A Peer Support Specialist is a professional with lived recovery experience who has been trained and certified to help others as they move forward in their own recovery. As someone who has traveled a similar path, a Peer Support Specialist fosters hope and serves as a valuable role model for those who are walking the road to wellness. DBSA offers a five-week course that can prepare you for Peer Support Specialist certification. Learn more about the course here.

Who is Eligible to Participate in DBSA’s Peer Support Specialist Course?

Participants must be 18 or older with lived experience and with a mental health or substance use condition. They must be publicly willing to identify as someone who lives with a mental health or substance use condition who seeks to use their experience as practical, supportive services for others in recovery. DBSA does not offer a course for family members of loved ones living with major depressive or bipolar disorder.

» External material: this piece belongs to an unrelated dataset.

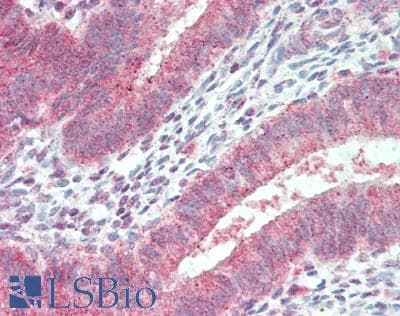 Polyclonal Rabbit anti-Human DIXDC1 Antibody (aa550-600, IHC)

What Will You Gain From A DBSA Peer Support Specialist Course?

Participants will reflect on their own recovery journey and develop skills that draw upon this experience to assist others in their recovery. Course work includes outside reading, completion of homework assignments, group distance learning discussions, quizzes, and roleplaying. Successful completion includes receiving a passing grade on quizzes, instructor evaluations, and a final test. Students must be available to attend all remote group learning modules and the virtual group skill-building workshop. Students who achieve a passing grade on all quizzes, a skill-building workshop virtual evaluation, and the final test will receive a certificate of completion.

How Applying Your Skills as a Peer Support Specialist Benefits Others

Peer Support Specialists have a common commitment to helping others, working from a strengths-based perspective. Utilizing peers with shared experiences to deliver services is empowering, and research has proven that this approach is highly effective in:

  • Reducing expensive inpatient service use
  • Reducing recurrent psychiatric hospitalizations for patients at risk of readmission
  • Improving relationships between peers and their health care providers
  • Helping people engage more fully in their own care
  • Significantly increasing each peer’s ability to manage symptoms and reduce reliance on formal services while still achieving positive recovery outcomes.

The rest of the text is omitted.